His film is similar to the highly acclaimed German film "The Lives of Others" in that it rethinks a period many of his countrymen might like to forget.

Mr. Verhoeven says young academics in Germany, France and Holland have been more willing than their elders to "look at the reality of these days, whether the situation of the Stasi in Germany or the occupation of Germans in Holland."

Holland, he says, has "embraced" the film, but the country might not have if not for the academic groundwork, he says.

"By now, it's well known that in Holland, most Jewish people were sent to Poland. And the Dutch let them go," he says.

Mr. Verhoeven was just 7 when the war ended, but he remembers it well. In 1943, his family moved to the Hague, where the Germans had their headquarters.

"The Allies were bombing every day. The V-1s and V-2s were one mile from our house," he recalls. "When someone of the Dutch Resistance killed a German officer, the Germans would retaliate by taking 20 political prisoners, take them out on the street and kill them." Mr. Verhoeven saw such things at close range.

"I remember an enormous amount of details and images, fire and burning and dead people and bombings and explosions," he says. "As a child, that makes an enormous impression. It feels like super special effects in some way ... You see things in a strange way as a kid."

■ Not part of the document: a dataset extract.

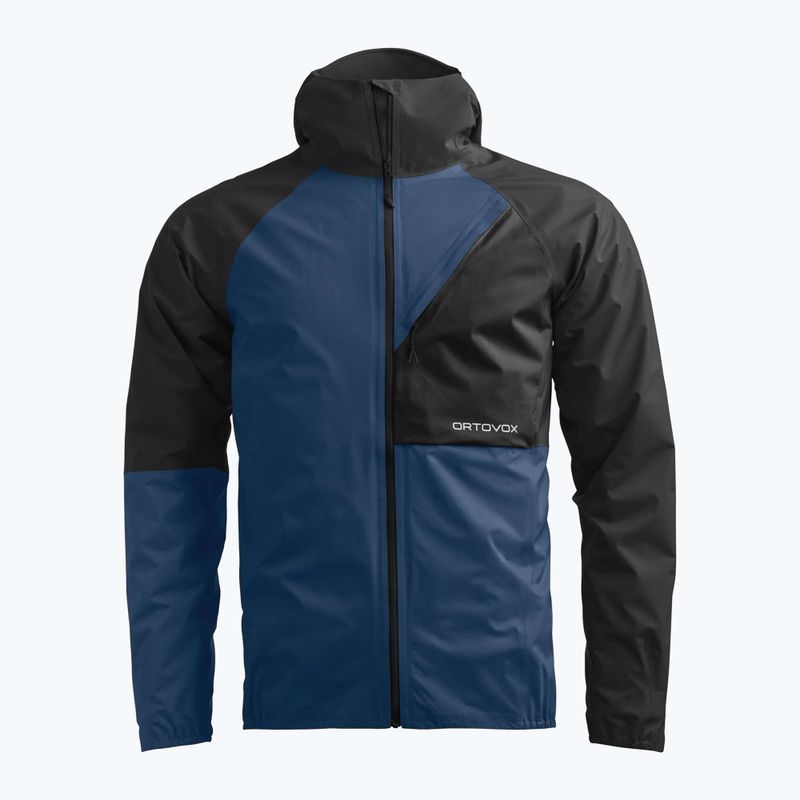 Куртка ORTOVOX Piz Selva 2.5 deep ocean 8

It's hard not to recall the special effects-laden films Mr. Verhoeven has directed in this country. But he's heading back to Europe -- London and St. Petersburg -- for his next film, an adaptation or Boris Akunin's "The Winter Queen." Mr. Verhoeven notes that it starts with suicide, moving to murder, terrorism and conspiracy. However, this is a work of fiction. Perhaps that's why the director says it will have a "lighter tone than 'Black Book.' "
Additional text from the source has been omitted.